Gisele Pélicot, who has become a symbol of the fight against sexual violence in France, has agreed not to reveal her name in the case, in order to appear publicly and openly before the media. She is expected to speak in court after her ex-husband’s testimony.

Dominique Pellicote, who was confined to a wheelchair, admitted in court that the charges against him were true after several days of delay because of what his defense attorneys said were kidney stones and a urinary tract infection. With his ex-wife watching from a packed gallery, he testified for an hour, his voice shaking and at times barely audible as he tried to explain the childhood injuries that he said shaped him and made him the person he is.

“You’re not born a pervert, you become a whore,” Pellicote told the jury after recounting how she was sexually abused by a nurse at a hospital at the age of 9, then forced to confess to the abuse and participate in a gang rape. . 14.

When he was 14, he asked his mother if he could move there, but she wouldn’t let him, Pelicot said.

“I don’t really want to talk about it, I’m just ashamed of my father. In the end I didn’t do any better,” he said.

When asked about his feelings for his ex-wife, Pelicote said she did not deserve what she did.

“Since I was little, I only remember the shocks and the wounds, which, thanks to him, I have partly forgotten,” she says through tears.

At that moment, Gisele Pélicote, standing in front of her ex-husband in the room and with a dozen of his partners in between, put on her sunglasses.

Dominique Pellicote later said: “I was crazy about her. He changed everything. I ruined everything.”

According to court documents, a security guard caught Pelicot in 2020 secretly filming up women’s skirts in a supermarket. During a search of his home and electronic devices, police found thousands of photographs and videos of men having sex with Gisele Pellicote while she was unconscious in bed.

With the records, the police were able to locate most of the 72 suspects they were looking for.

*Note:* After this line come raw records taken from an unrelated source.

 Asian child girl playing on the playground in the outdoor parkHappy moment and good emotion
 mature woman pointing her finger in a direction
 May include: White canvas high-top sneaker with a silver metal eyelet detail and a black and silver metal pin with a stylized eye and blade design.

When the Pélicots retired, they moved from the Paris area to a house in Mazan, a small town in the Provence region.

When police officers called her in for questioning in late 2020, she initially told them her husband was a “great guy,” according to legal documents. They then showed her some photographs. She left and later divorced her husband.

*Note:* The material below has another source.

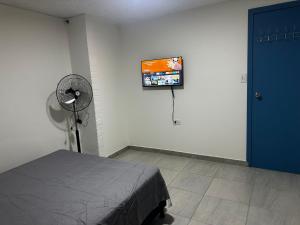 a bedroom with a fan and a tv on the wall at Coliving habitacional in Cali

If convicted, he faces up to 20 years in prison. His partners range in age from 26 to 74.

Under French law, courtroom proceedings cannot be filmed or photographed. Dominique Pélicote arrived at the courthouse through a special entrance closed to the media because he and some of the other defendants are in custody during the proceedings. Defendants who are not in custody come to the courthouse wearing masks or surgical caps to prevent their faces from being filmed or photographed.

Among those hoping to find a spot to watch Tuesday’s trial was Bernadette Tessonnier, a 69-year-old retiree who lives half an hour from Avignon, where the trial is taking place. She arrived at the courthouse at 7:15 a.m. to ensure she would get in.

“How is it possible that for 50 years of public life you live next to someone who hides his life so well? It’s scary,” she said while waiting in line. “I don’t have much hope that his work can be explained, but at least it provides some elements.”

Jeantet writes for the Associated Press.